JOHN Prescott's giant empire in the Office of the Deputy Prime Minister is preparing for the next big reorganisation of local government. Officials are briefing their friends in the Westminster lobby that next year's council elections could be postponed.

JOHN Prescott's giant empire in the Office of the Deputy Prime Minister is preparing for the next big reorganisation of local government.

Officials are briefing their friends in the Westminster lobby that next year's council elections could be postponed.

Councils desperately need to be reformed. It is frankly ludicrous to have two levels of authorities in most of the country.

Only council employees and political anoraks know how they work - and I do have to in the latter category - and elections are meaningless because people almost always vote on national issues anyway.

So councils need to be reformed and we must go to a single tier.

But that change must not be rushed - and it is appalling that the government is saying that any change should be based on current local authority boundaries.

That is preposterous - in Suffolk at any rate.

Senior councillors and officials at Ipswich are saying that they are content to go with this suggestion and will be proposing that the borough becomes a single tier on its current boundaries.

That is cynical political opportunism of the highest order.

Ipswich should be a single-tier authority. But it must be based on the 21st century boundary of the A14/A12 by-pass.

It is lunacy to even think of creating a single authority for the town and not include Pinewood, Rushmere, Kesgrave and Martlesham.

If you're ambitious enough to want to run the town, you can't stop running it half way along Foxhall Road, or only on one side of Belmont Road.

I know people who live in those parts of town currently outside the boundary say they don't want to come in.

But it's time for them to start paying their way alongside the rest of it. People in Kesgrave and Rushmere use Crown Pools and the Regent Theatre. They visit Christchurch Park and moan if the streets of their town centre aren't kept clean.

Is it too much to expect them to chip in and help pay for these - or are the politicians happy to pander to their selfishness?

It's not just in Ipswich that the boundaries must be changed.

Look at Babergh Council - a great big sausage of an authority stretching from Shotley in the east to Glemsford in the west.

Unless the government decides that the best solution for Suffolk is a single-tier authority based on the current county boundaries there is no way that this district can be kept intact once the change is made.

It would be ridiculous to have Shotley administered by a west Suffolk authority based in Bury St Edmunds.

And it would be equally daft to have Sudbury and Glemsford run from Ipswich when their natural focus is Bury.

So if Babergh has to be cut in half anyway, surely the boundary commissioners could be told to do a proper job on Suffolk.

With Lowestoft linking up with Great Yarmouth, a greater Ipswich and two rural councils for East and West Suffolk - split down the A140 - there would be logic to the new map of Suffolk.

But if supine politicians and officials, desperate to get extra power for its own sake, don't stand up to the government we could be left with a dog's dinner which simply won't work.

LIBERAL Democrats across the country can be forgiven this week for quoting Mark Twain: “Reports of my death are greatly exaggerated!”
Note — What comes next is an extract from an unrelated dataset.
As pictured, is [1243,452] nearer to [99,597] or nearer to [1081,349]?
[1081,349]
Certainly the victory in Dunfermline was a great boost to a party which has had a wretched time over the last few months.

But I'm not sure there is much to be learned from this seat in the parts of the country where the Lib Dems are fighting the Conservatives - either fighting to win seats like South Suffolk or hold on to seats like Colchester and North Norfolk.

In the next general election the party could still do well by picking up natural Labour seats where voters are disenchanted after 12 years but could never vote Tory,

But a moderate Tory campaign headed by a personable young leader could put great pressure on in other parts of the country.

And places like Winchester, Taunton and Hereford could easily turn true blue once again.